ICICI Bank declared the results for the third quarter and first nine months of financial year 2012-2013 (9mFY13). The bank has reported 32% YoY growth in both net interest income and net profits for the first nine months. Here is our analysis of the results.

Performance summary
  • Net interest income grows by 32% in 9mFY13 on the back of 17% YoY in advances while net interest margin (NIM) improved to 3.0% from 2.6% in 9mFY12.
  • Cost to income ratio reduces to 41% from 44% in 9mFY12.
  • Capital adequacy ratio healthy at 19.5% at the end of December 2012.
  • Net NPAs at 0.64% of advances in 9mFY13 as against 0.7% in 9mFY12.
  • Bottomline grows by 32% YoY in 9mFY13 largely due to higher interest margins and cost efficiency. This is despite increase in provisioning which enhanced coverage ratio to 78% in December 2012.
  • Restructured assets were 1.5% of loan book in 9mFY13.

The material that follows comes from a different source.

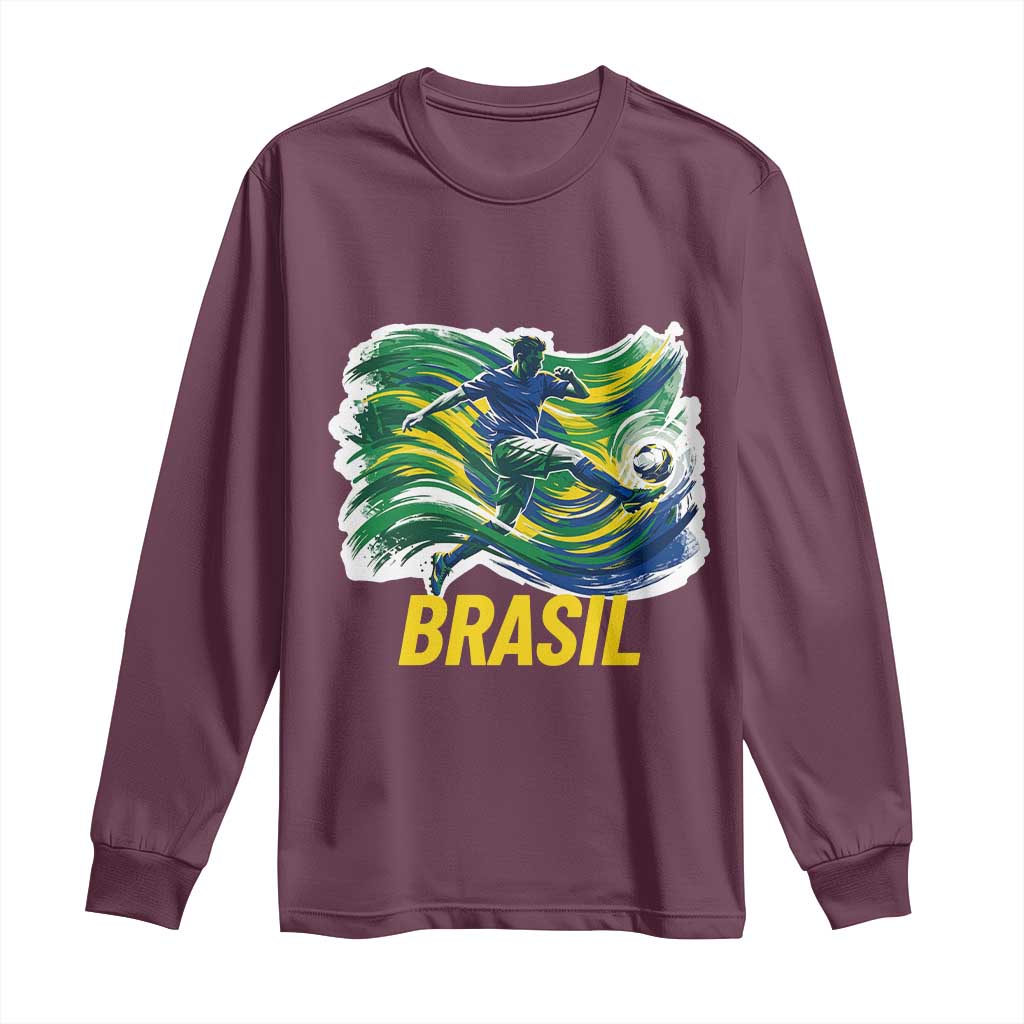 Brazil Soccer Brasil Flag Patriotic Sports Long Sleeve Shirt Brazilian Football Fan Supporter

Standalone financial performance
Rs (m) 3QFY12 3QFY13 Change 9mFY12 9mFY13 Change
Interest income 85,918 101,382 18.0% 243,680 297,102 21.9%
Interest Expense 58,798 66,392 12.9% 167,386 196,470 17.4%
Net Interest Income 27,120 34,990 29.0% 76,294 100,632 31.9%
NIM (%)       2.6% 3.0%  
Other Income 18,918 22,146 17.1% 52,743 61,375 16.4%
Other Expense 19,167 22,611 18.0% 56,288 66,055 17.4%
Provisions and contingencies 3,411 3,687 8.1% 11,137 13,425 20.5%
Profit before tax 23,460 30,838 31.4% 61,612 82,527 33.9%
Tax 6,179 8,335 34.9% 15,976 22,311 39.7%
Profit after tax / (loss) 17,281 22,503 30.2% 45,636 60,216 31.9%
Net profit margin (%) 20.1% 22.2%   18.7% 20.3%  
No. of shares (m)         1,153.1  
Book value per share (Rs)*         598.0  
P/BV (x)         2.0  
* (Book value as on 31st December 2012)

What has driven performance in 9mFY13?
  • Voluntarily, if not by compulsion, ICICI Bank chose to keep its balance sheet expansion muted in 9mFY13. The motive seems to be both capital conservation as well check on asset quality. Both in terms of loan growth and deposit growth, ICICI Bank's numbers have come in a tad lower than the growth rate posted by most of its private sector peers. However, given the bank's balance sheet size the cautious undertone has certainly paid off by way of better and more stable net interest margins. The bank's NIMs at 3% at the end of December quarter is not just higher than 2.6% in 9mFY12. It has also managed to retain margins at the same level for the past 4 quarters. Thus, ICICI Bank has displayed ample resilience to the economic downturn over the past few quarters.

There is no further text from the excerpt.